Isaac just stared blankly ahead, his dark eyes cold and empty. “It’s nothing, Shan.”
“Clearly.”
“It’s been a lot,” he said, at last. “I’ve worked so hard, sacrificing so much.”
She bit her lip, watching him as he struggled for words. He had given up everything to become the man the King needed him to be, including her. But there was something more going on, even if he wouldn’t say it. She knew him well enough to recognize that. “What has he threatened?”
He flinched, spinning away from her. “You know nothing, Shan.”
“Then tell me!”
Isaac stood, staring at her, his chest heaving as he warred with himself. She wanted to reach out, to grab him and shake him till he saw sense. It had been years, yes, but there was still something here, and perhaps they could claw their way back to it—together.
If they both learned to trust just a little bit.
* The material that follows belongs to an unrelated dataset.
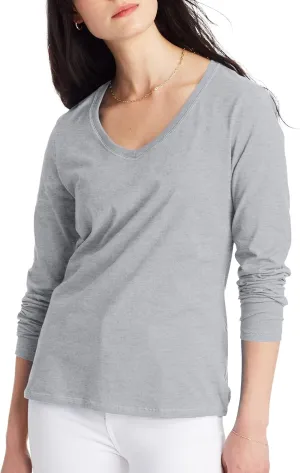Hanes Womens Originals Long Sleeve Cotton V-Neck T-Shirt, Lightweight V-Neck Tee, Modern Fit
But he turned away, his expression cold and grave, and that tiny spark of hope died in her chest.
“I should go,” Isaac said. “I am sorry, though.” He trailed his fingers down her arm one last time. “About that… well. Goodnight.”
She said nothing in response, waiting till he was gone, then collapsed onto the floor. This day was altogether too much, and she needed a few moments just to breathe. Blood and steel, she was a horrible cliché of a woman, to be reduced so because of a man, and she hated herself for it. So she made a decision—if he couldn’t reach for her, she wouldn’t reach for him.
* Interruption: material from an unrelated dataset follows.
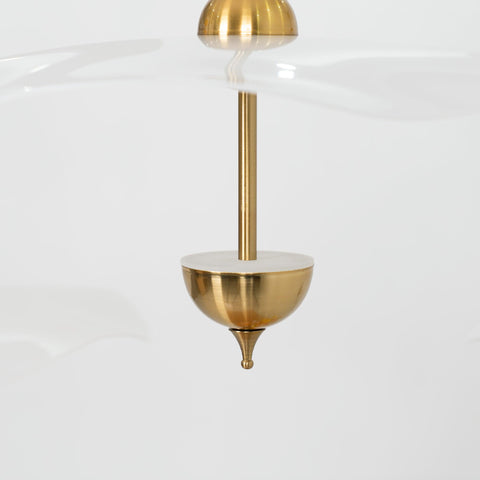 Envolee Double Biscuit Pendant with Sculptural Fabric Shades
She had wasted enough of her life on Isaac de la Cruz.
She didn’t let herself linger. She allowed herself three long, deep breaths, and then pushed herself back to her feet.
Chapter Twenty-Two
Samuel
Several days after his meeting with Isaac, Samuel was summoned to meet with Shan. The footman showed Samuel in, directing him to an area of the LeClaire townhouse that he had not yet explored. It was ridiculous, really, how many rooms these houses had—far more than any family would need. But at least Shan had her brother, so it couldn’t be as lonely as the sterile place he now called home, just him and the servants who didn’t know how to treat him, tiptoeing around him like his kindness was just a mask and his true nature—his Aberforth nature—would soon rear its ugly head.
There were only a handful of people in this new life who treated him like a person, and one of them appeared before him. Shan took him by the hand, throwing a coy smile over her shoulder as she led him on. They could have been lovers heading for a secret tryst, or two friends preparing for a twisted scheme. For the briefest second, Samuel let himself believe that was true. That Shan was interested in him for who he was, not simply the blood in his veins.
It was a sweet lie, but Samuel was too cruel to allow it more than a breath to flourish. He shoved it all aside to focus on the reason he was here—to discuss the task the Eternal King had given them: murder and mystery and bloodshed.
But Shan didn’t lead him to a study or a library, as expected, but to her own Blood Working laboratory. He recognized the same instruments the Eternal King had in his, though he didn’t know their names, strange and shining along the walls. But there was more than that—everywhere he looked he found signs of Shan. They were in the books and journals scattered around the room, notes jammed in between the pages. There were diagrams of the human body that stripped away the skin to reveal the veins beneath, with annotations scribbled in an ever more familiar hand, and Samuel stepped forward to read Shan’s theories of magic.